▶ _DIRECTIONS FOR THIS TASK_: Give back the entries exactly as they read, leaving each image out.
___ MATERIAL PROVIDED
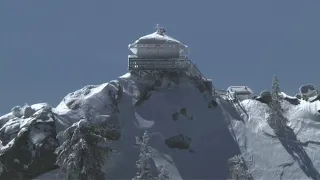 House on top of mountaintop covered in snow in SoCal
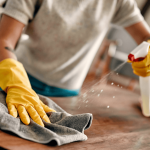 Person cleaning a table with a clothe and yellow gloves to remove dust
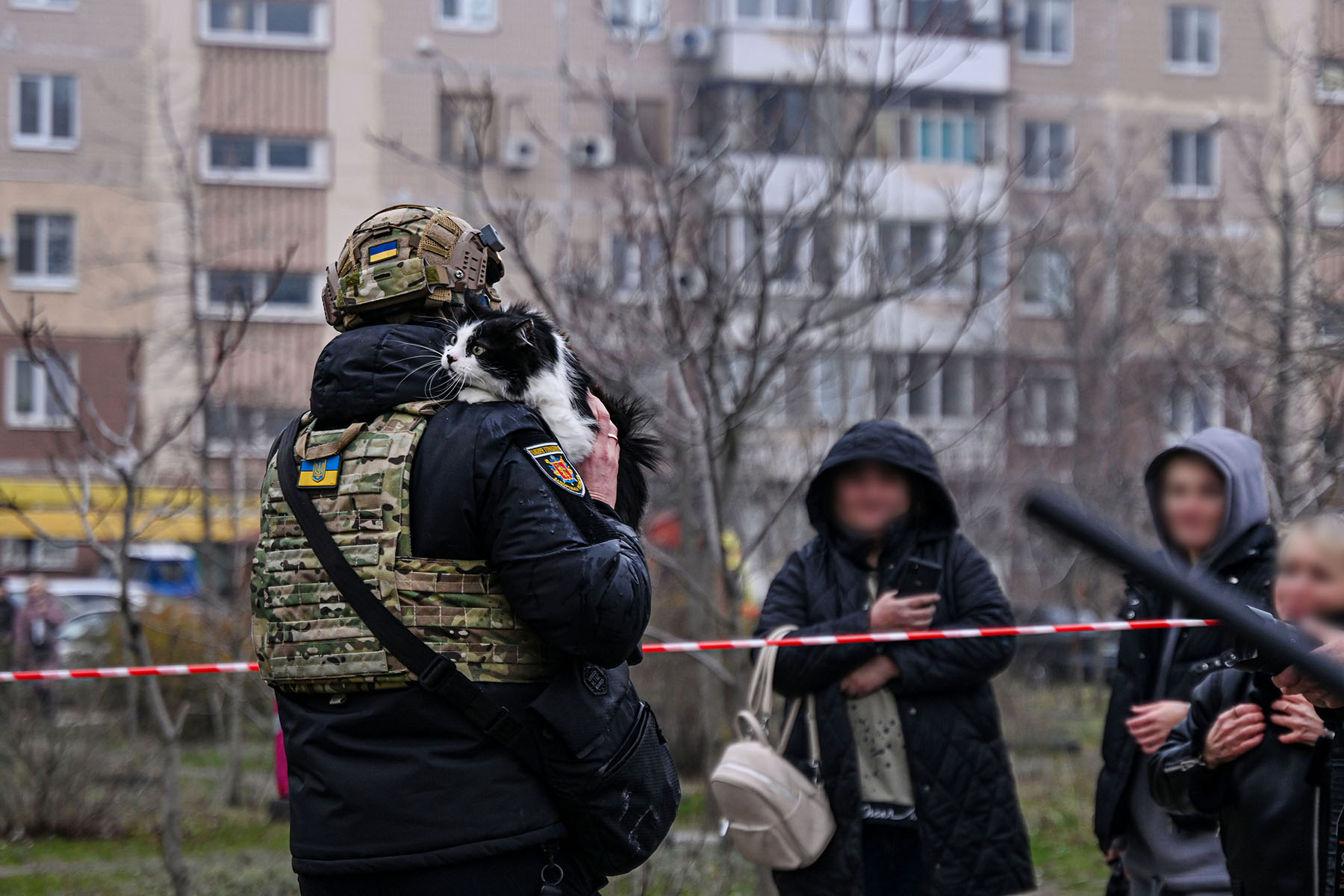 Запорізький поліцейський тримає кота, врятованого на місці російського авіаудару по багатоповерхівці в місті Запоріжжя. Грудень 2025 року.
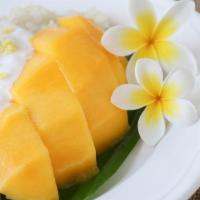 Mango Sticky Rice · Sticky rice with Mango and coconut milk topping.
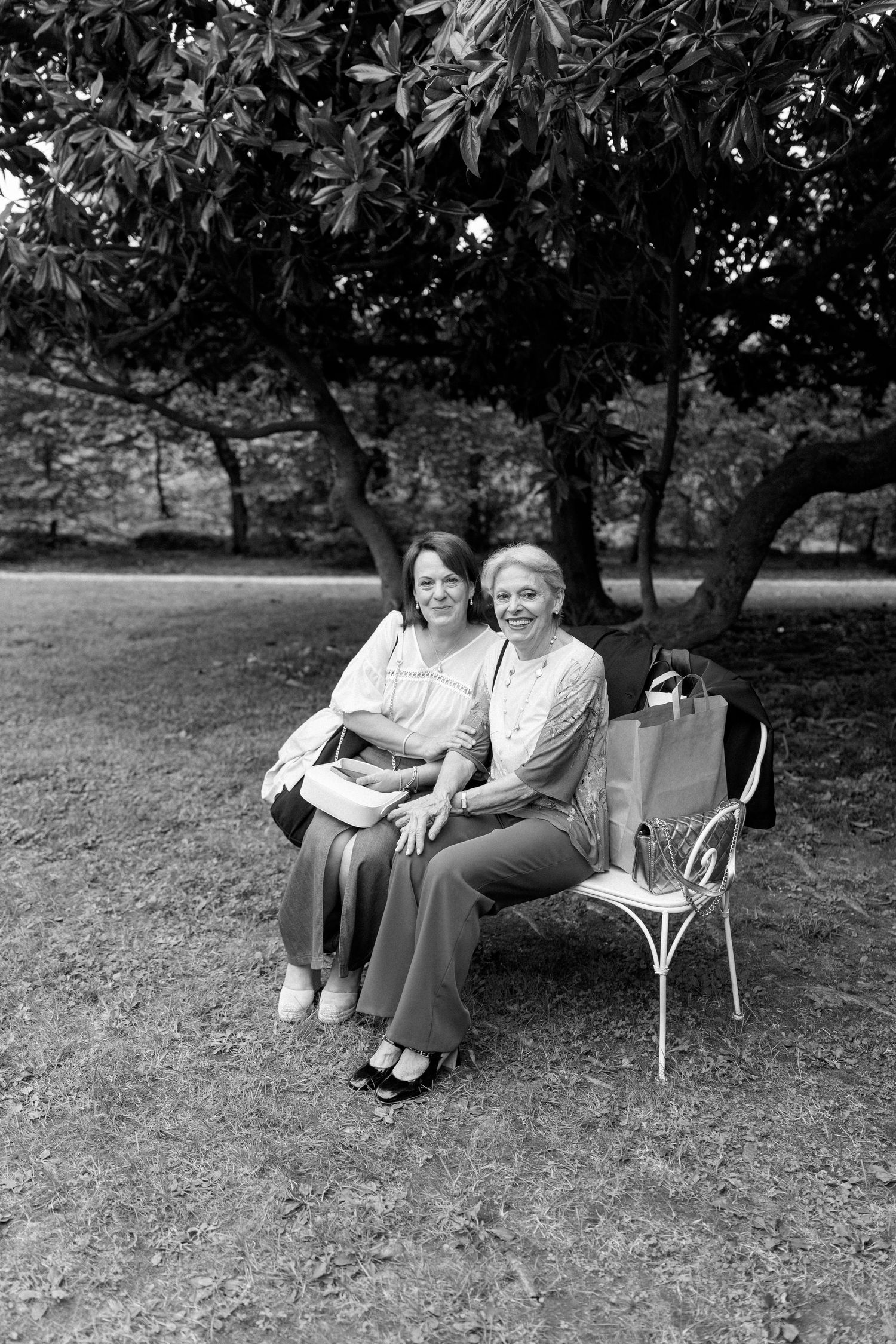 Guests seated on chairs under trees at an outdoor gathering.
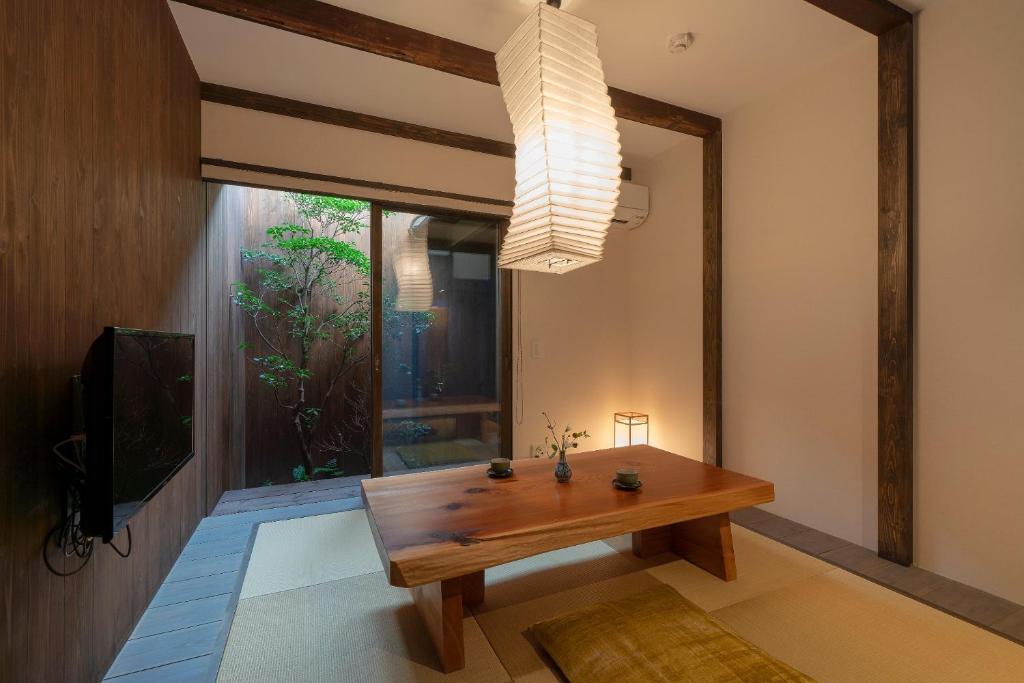 a living room with a wooden table and a window at Akebono an Machiya House in Kyoto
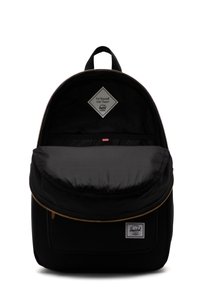 Svart ryggsäck med en rundad topp, som har en guldfärgad dragkedja, inuti randigt foder och en diamantmärkespatch på framfickan.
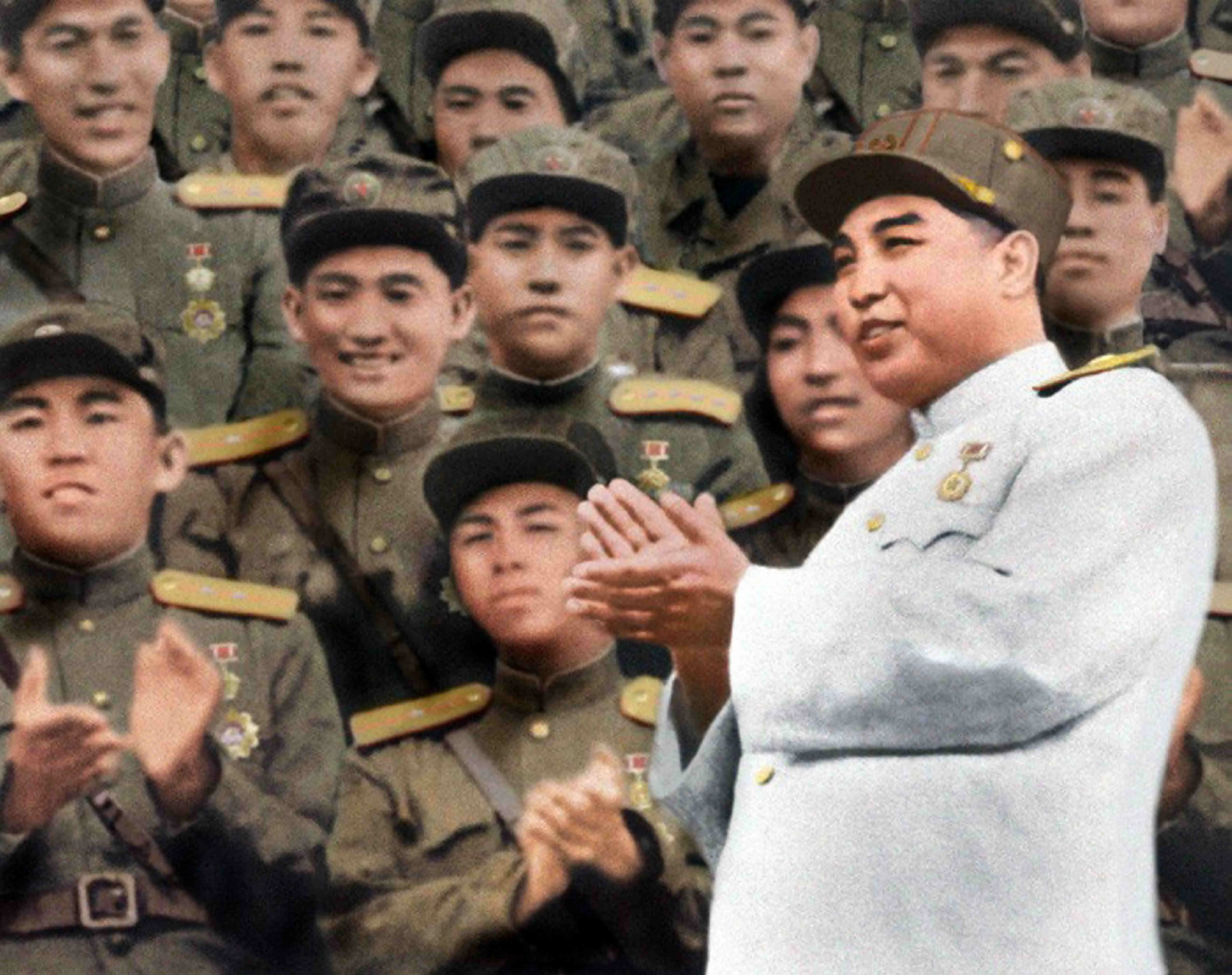 Kim Il Sung wears a gray military uniform and green hat in front of soldiers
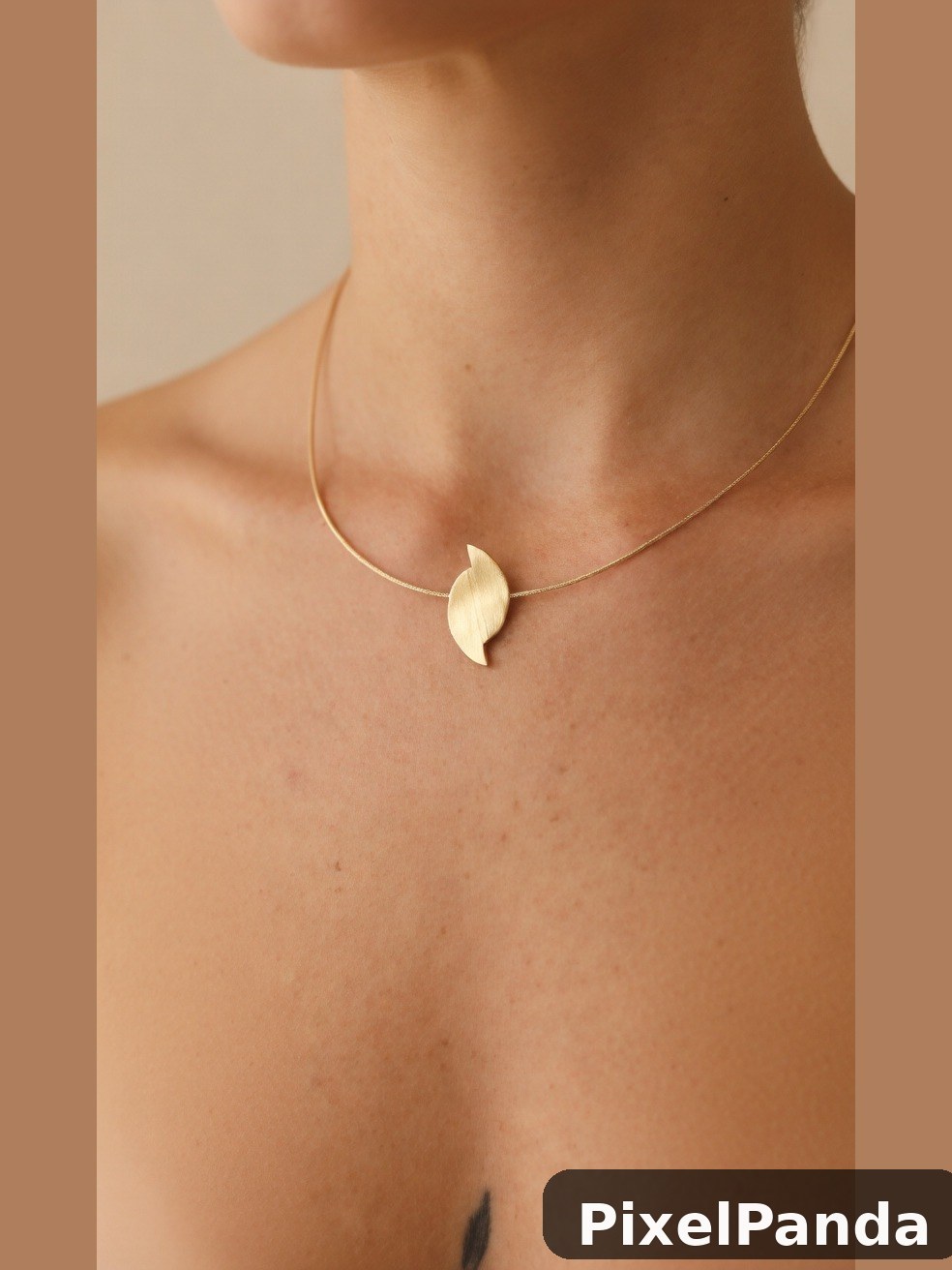 Person wearing delicate gold chain necklace with leaf pendant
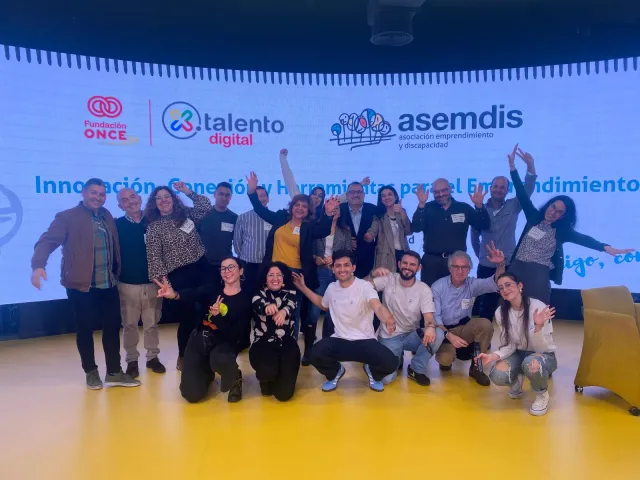 Foto de grupo de las personas asistentes al II Encuentro ASEMDIS ante la pantalla con los logotipos de Fundación ONCE, Por Talento Digital y ASEMDIS
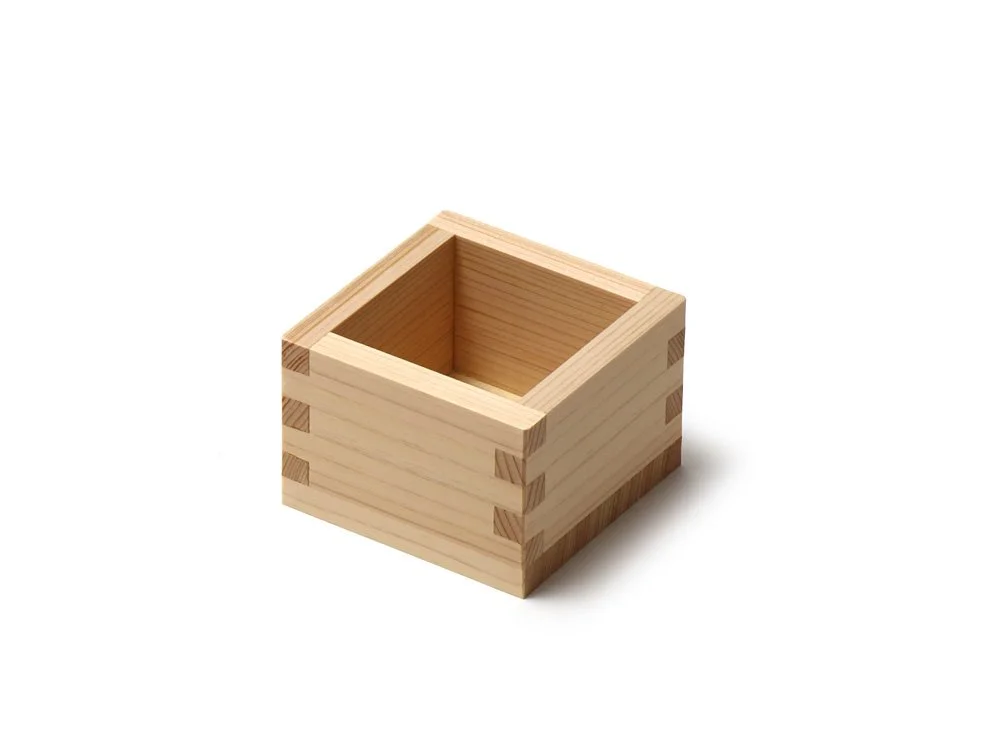 Traditional wooden sake cup (masu)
______
▶ _PROBLEM SOLUTION_:
 House on top of mountaintop covered in snow in SoCal
 Person cleaning a table with a clothe and yellow gloves to remove dust
 Запорізький поліцейський тримає кота, врятованого на місці російського авіаудару по багатоповерхівці в місті Запоріжжя. Грудень 2025 року.
 Mango Sticky Rice · Sticky rice with Mango and coconut milk topping.
 Guests seated on chairs under trees at an outdoor gathering.
 a living room with a wooden table and a window at Akebono an Machiya House in Kyoto
 Svart ryggsäck med en rundad topp, som har en guldfärgad dragkedja, inuti randigt foder och en diamantmärkespatch på framfickan.
 Kim Il Sung wears a gray military uniform and green hat in front of soldiers
 Person wearing delicate gold chain necklace with leaf pendant
 Foto de grupo de las personas asistentes al II Encuentro ASEMDIS ante la pantalla con los logotipos de Fundación ONCE, Por Talento Digital y ASEMDIS
 Traditional wooden sake cup (masu)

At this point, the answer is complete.